Kirchseeoner Perchtenlauf:
Der Kirchseeoner Perchtenlauf ist ein winterlicher Umzugsbrauch, bei dem eine Gruppe aus unterschiedlich maskierten Gestalten an bis zu elf Terminen von der Adventszeit bis zum 6. Januar durch die Gemeinde zieht und Tänze, Gesänge und Sprüche aufführt. Er fand erstmalig im Winter 1953/54 zur Förderung des Fremdenverkehrs statt. Die Masken, Kostüme, Requisiten und Abläufe lehnen sich teilweise an ältere Brauchgestalten und -formen an oder sind neu erfunden.

Münchner Marionettentheater:
Das Münchner Marionettentheater kann auf eine über 160-jährige Geschichte zurückblicken. Es war das erste feste Puppentheater in Deutschland. Berühmt geworden sind die spezifische Figur des Kaspers Larifari und die extra für das Theater geschriebenen Stücke von Franz Graf von Pocci.

Nördlinger Stabenfest:
Beim Nördlinger Stabenfest ziehen Schulkinder alljährlich an einem Montag im Mai in einem Festzug durch die Altstadt zum Marktplatz, wo Gedichte und Lieder vorgetragen werden. Die heutige Form als Bürger- und Volksfest entwickelte sich im 19. Jahrhundert. Zentrale Bestandteile sind der „Stabengucker“ (eine mit Süßigkeiten gefüllte Tüte), das „Stabenlied“, das „Stabenklettern“ (Erklimmen eines Baumstammes) und die „Stabenwurst“.

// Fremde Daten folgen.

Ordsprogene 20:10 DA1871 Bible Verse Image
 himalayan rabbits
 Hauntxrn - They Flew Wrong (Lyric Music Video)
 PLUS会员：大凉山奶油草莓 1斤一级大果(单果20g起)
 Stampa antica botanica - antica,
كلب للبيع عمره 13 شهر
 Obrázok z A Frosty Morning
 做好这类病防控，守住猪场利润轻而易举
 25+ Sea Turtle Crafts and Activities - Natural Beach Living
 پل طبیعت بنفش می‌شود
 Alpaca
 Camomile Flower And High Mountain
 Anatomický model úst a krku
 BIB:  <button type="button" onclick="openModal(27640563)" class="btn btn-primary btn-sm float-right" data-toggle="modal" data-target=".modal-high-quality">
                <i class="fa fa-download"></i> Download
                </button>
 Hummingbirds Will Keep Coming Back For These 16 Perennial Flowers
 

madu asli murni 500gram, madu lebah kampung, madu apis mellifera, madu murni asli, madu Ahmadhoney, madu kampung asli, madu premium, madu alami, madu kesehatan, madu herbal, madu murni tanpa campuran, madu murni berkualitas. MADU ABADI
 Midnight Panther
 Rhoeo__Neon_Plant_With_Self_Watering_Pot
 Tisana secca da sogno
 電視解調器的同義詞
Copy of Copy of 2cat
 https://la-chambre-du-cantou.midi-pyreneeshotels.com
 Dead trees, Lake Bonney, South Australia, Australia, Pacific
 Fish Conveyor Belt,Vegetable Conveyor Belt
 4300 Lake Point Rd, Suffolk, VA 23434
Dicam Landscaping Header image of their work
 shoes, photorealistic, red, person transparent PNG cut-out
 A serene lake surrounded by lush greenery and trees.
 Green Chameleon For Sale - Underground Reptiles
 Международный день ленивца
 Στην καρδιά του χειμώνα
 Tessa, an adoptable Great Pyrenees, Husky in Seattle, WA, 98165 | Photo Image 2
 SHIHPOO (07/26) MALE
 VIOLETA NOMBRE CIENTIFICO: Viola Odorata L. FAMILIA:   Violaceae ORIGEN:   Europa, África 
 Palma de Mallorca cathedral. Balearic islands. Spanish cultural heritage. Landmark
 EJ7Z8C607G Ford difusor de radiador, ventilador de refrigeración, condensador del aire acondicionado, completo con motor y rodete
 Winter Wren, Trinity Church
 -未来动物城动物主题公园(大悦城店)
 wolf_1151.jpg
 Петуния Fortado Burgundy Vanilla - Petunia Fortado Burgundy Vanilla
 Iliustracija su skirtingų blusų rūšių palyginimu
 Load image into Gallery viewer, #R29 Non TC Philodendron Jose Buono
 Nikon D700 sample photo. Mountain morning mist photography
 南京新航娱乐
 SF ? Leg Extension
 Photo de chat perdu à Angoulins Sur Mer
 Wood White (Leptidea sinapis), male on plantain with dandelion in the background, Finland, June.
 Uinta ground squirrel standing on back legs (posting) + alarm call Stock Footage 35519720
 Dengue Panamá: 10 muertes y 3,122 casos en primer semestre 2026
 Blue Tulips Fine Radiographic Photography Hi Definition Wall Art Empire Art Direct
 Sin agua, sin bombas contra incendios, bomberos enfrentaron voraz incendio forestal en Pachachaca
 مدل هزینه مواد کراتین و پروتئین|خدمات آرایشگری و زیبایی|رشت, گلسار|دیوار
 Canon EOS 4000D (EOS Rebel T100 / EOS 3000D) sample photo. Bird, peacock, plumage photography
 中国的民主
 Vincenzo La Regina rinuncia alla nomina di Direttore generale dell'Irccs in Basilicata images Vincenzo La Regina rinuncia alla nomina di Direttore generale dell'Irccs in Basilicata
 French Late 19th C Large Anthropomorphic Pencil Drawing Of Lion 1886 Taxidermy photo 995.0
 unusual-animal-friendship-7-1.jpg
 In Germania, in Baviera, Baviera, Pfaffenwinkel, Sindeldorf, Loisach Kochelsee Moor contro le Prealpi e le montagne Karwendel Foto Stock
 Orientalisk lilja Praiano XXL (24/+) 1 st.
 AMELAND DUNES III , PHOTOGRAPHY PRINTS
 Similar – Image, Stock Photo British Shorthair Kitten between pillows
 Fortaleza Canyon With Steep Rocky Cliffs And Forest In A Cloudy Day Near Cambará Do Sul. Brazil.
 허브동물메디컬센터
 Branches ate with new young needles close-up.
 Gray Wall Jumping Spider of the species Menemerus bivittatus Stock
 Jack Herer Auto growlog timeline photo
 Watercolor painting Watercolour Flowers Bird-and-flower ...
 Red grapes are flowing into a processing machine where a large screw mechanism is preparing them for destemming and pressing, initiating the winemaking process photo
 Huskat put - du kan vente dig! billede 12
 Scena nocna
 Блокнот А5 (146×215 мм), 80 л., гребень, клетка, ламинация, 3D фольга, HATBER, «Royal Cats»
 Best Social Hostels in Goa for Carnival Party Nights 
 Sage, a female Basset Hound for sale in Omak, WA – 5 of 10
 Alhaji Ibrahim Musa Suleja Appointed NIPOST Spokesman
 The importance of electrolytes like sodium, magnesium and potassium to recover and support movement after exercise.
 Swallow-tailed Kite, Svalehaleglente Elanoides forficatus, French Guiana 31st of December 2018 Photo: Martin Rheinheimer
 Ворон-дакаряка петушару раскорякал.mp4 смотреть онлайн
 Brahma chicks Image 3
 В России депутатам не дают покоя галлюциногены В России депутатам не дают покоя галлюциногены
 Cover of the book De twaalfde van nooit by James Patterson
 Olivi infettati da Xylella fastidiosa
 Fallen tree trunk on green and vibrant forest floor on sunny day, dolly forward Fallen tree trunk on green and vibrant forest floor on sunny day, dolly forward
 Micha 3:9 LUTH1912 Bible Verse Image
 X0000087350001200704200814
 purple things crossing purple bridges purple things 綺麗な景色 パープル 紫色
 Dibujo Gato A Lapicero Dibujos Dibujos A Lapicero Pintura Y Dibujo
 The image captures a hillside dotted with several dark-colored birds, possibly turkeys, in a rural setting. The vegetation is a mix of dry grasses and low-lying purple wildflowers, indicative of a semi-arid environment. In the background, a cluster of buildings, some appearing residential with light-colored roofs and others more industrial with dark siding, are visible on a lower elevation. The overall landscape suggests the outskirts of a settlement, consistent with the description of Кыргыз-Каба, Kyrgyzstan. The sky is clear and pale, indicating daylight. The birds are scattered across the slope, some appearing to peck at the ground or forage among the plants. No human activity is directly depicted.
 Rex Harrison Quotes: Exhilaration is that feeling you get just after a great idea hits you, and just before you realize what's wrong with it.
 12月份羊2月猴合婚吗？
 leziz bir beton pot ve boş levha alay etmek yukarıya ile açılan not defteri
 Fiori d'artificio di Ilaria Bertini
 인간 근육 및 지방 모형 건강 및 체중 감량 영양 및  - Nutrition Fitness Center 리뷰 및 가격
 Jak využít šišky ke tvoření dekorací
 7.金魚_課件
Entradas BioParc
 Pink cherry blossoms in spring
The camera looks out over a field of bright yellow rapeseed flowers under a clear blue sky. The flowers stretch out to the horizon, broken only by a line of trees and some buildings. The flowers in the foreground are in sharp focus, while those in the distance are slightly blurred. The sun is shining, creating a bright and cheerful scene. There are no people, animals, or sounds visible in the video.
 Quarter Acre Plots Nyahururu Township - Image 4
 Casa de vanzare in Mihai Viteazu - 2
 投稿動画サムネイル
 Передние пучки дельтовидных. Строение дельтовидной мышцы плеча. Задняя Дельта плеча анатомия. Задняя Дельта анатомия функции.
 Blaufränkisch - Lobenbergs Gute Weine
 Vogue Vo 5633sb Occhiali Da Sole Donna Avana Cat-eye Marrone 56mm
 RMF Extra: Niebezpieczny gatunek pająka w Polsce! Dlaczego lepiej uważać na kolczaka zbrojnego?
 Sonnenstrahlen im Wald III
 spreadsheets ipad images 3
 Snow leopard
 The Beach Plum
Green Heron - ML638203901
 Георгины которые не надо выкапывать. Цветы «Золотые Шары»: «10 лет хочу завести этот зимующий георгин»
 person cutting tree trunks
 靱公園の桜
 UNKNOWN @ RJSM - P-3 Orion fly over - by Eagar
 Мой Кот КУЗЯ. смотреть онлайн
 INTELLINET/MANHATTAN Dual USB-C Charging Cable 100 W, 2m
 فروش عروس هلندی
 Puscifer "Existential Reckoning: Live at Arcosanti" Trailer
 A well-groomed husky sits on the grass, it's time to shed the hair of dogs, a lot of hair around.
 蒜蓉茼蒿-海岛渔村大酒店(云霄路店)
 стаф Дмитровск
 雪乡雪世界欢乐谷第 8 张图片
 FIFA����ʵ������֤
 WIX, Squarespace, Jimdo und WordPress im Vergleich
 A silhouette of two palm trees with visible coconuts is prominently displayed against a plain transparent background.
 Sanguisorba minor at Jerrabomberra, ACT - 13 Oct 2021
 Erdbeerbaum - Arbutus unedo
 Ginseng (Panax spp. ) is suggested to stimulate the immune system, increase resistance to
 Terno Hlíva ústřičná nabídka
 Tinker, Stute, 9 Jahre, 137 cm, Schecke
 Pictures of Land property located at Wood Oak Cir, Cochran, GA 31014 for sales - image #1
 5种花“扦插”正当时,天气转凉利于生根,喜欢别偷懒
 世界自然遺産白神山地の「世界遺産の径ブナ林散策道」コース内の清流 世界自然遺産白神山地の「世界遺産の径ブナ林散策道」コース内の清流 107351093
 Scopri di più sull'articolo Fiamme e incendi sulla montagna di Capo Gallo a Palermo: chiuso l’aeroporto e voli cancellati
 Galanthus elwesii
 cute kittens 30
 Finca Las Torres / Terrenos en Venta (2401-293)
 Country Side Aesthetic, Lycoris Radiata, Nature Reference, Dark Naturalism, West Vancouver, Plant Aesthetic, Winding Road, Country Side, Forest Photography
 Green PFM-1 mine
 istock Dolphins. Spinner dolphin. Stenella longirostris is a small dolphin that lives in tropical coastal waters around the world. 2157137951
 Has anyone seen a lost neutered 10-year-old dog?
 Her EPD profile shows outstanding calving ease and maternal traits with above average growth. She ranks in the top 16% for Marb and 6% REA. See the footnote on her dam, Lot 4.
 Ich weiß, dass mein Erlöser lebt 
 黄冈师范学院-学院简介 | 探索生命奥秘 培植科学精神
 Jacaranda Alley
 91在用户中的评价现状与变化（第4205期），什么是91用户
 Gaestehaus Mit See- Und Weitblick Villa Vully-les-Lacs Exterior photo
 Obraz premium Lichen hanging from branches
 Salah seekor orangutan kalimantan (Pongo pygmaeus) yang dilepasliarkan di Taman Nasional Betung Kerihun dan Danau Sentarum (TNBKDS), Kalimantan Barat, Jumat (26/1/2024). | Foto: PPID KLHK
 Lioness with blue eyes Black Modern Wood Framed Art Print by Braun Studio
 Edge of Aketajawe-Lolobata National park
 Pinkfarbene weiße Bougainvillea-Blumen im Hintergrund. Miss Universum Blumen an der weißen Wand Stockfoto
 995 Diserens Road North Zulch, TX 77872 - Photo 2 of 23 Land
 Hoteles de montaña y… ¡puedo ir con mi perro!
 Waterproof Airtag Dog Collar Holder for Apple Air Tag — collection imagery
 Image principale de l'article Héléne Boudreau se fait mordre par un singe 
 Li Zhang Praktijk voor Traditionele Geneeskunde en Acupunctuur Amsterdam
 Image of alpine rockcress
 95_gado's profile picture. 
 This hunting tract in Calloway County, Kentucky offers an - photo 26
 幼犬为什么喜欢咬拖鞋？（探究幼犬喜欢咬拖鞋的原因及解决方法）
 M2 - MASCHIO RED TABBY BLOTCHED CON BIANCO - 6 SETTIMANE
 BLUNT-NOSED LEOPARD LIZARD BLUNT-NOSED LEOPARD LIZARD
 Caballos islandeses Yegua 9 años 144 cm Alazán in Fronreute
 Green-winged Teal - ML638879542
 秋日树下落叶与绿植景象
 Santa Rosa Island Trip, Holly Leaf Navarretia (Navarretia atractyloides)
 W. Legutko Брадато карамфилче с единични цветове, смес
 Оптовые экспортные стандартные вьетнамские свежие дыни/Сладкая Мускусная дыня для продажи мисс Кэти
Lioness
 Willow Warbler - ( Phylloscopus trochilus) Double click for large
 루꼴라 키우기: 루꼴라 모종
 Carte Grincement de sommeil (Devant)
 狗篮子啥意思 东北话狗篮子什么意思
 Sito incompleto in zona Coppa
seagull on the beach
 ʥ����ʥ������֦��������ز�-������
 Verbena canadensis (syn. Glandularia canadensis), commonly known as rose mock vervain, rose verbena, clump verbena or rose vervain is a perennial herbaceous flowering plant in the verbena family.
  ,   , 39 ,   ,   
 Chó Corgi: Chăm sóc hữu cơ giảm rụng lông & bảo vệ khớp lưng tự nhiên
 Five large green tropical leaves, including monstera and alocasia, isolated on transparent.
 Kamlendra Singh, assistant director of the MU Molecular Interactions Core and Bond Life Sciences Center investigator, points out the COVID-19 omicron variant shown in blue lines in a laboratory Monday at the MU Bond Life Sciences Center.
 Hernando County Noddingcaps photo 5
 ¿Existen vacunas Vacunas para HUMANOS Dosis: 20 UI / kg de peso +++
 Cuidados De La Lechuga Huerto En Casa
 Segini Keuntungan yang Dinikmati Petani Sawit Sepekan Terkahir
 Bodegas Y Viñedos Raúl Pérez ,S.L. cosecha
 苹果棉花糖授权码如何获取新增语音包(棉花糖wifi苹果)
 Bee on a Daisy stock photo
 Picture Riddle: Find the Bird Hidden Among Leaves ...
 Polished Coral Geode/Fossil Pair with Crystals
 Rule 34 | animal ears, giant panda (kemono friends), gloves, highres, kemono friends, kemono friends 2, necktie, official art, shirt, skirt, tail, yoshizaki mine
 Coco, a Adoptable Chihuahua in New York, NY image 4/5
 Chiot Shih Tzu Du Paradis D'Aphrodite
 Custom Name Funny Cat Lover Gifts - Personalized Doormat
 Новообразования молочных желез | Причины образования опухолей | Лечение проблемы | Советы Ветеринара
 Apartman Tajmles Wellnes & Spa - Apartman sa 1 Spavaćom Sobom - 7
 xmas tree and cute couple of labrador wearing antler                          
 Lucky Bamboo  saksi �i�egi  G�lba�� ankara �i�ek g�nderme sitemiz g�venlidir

Oktoberfest-Landesschießen und Oktoberfest-Armbrust-Landesschießen:
Seit dem 19. Jahrhundert wird mit dem Oktoberfest-Landesschießen im Rahmen des Münchner Oktoberfests ein Preisschießen veranstaltet, das heute für alle Interessierten zugänglich ist und mit Luftdruckwaffen ausgeführt wird. Zugleich wird das Oktoberfest-Armbrust-Landesschießen abgehalten. Zum Abschluss des Oktoberfestes findet das „Abböllern“ statt, der Ehrensalut der Münchner Böllerschützen auf den Stufen unterhalb der Bavaria.

‚Schwedenprozession‘ und Laienfreilichtspiel/‚Heimatspiel‘ „Die Schutzfrau von Münnerstadt“:
Mit der ‚Schwedenprozession‘ und dem Laienfreilichtspiel bzw. ‚Heimatspiel‘ „Die Schutzfrau von Münnerstadt“ wird in Münnerstadt an die glücklich überstandene Belagerung durch schwedische Truppen während des Dreißigjährigen Krieges erinnert. An dem Laienschauspiel beteiligen sich ca. 200 Mitwirkende. Durch ein als Kulisse dienendes Fachwerkhaus ist das Schauspiel im Stadtbild präsent.


Seit 2003 stellt die UNESCO im Rahmen des „Übereinkommens zur Erhaltung des immateriellen Kulturerbes“ kulturelle Ausdrucksformen in den Fokus der Öffentlichkeit. Überall auf der Welt sollen überliefertes Wissen und Können, die einen wesentlichen Bestandteil unserer Alltagskulturen ausmachen, als immaterielles Kulturerbe sichtbar gemacht sowie Maßnahmen unterstützt werden, die zur Erhaltung und Weiterentwicklung geeignet sind. Bis heute sind 180 Staaten dem UNESCO-Übereinkommen zur Erhaltung des Immateriellen Kulturerbes beigetreten. Deutschland ist seit 2013 Vertragsstaat.

Neben dem Bundesweiten Verzeichnis des Immateriellen Kulturerbes gibt es in Bayern ein eigenes Landesverzeichnis. Die nächste Bewerbungsrunde startet voraussichtlich am 1. April 2023.